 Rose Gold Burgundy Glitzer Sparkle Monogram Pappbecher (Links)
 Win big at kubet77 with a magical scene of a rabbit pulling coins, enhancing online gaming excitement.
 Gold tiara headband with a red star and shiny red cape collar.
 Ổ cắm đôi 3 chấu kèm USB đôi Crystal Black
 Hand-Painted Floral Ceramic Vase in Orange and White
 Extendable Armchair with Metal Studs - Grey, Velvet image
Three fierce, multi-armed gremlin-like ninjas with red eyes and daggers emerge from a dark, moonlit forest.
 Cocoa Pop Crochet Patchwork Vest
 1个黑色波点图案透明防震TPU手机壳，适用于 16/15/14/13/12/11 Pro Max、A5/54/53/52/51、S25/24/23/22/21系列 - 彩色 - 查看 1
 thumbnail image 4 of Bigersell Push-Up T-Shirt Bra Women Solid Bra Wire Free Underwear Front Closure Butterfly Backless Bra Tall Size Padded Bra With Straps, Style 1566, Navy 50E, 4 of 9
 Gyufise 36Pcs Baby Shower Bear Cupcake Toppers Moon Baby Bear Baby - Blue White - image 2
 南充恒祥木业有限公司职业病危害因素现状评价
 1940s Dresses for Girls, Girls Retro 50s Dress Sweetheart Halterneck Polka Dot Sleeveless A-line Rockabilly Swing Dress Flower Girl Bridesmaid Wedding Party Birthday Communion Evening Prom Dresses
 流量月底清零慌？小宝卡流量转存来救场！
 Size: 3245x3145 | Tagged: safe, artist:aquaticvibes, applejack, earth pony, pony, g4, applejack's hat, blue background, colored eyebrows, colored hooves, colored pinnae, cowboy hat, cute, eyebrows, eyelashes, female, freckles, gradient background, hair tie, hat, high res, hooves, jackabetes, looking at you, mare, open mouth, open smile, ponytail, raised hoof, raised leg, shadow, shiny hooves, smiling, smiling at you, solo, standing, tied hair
# # # # #
- **Your instructions**
From the entries above, restate word for word the lines from the line containing "Extendable Armchair with" to the line containing "南充恒祥木业有限公司职业病危害因素现状评价", both ends included, and nothing more.

- **Answer for this exercise**
 Extendable Armchair with Metal Studs - Grey, Velvet image
Three fierce, multi-armed gremlin-like ninjas with red eyes and daggers emerge from a dark, moonlit forest.
 Cocoa Pop Crochet Patchwork Vest
 1个黑色波点图案透明防震TPU手机壳，适用于 16/15/14/13/12/11 Pro Max、A5/54/53/52/51、S25/24/23/22/21系列 - 彩色 - 查看 1
 thumbnail image 4 of Bigersell Push-Up T-Shirt Bra Women Solid Bra Wire Free Underwear Front Closure Butterfly Backless Bra Tall Size Padded Bra With Straps, Style 1566, Navy 50E, 4 of 9
 Gyufise 36Pcs Baby Shower Bear Cupcake Toppers Moon Baby Bear Baby - Blue White - image 2
 南充恒祥木业有限公司职业病危害因素现状评价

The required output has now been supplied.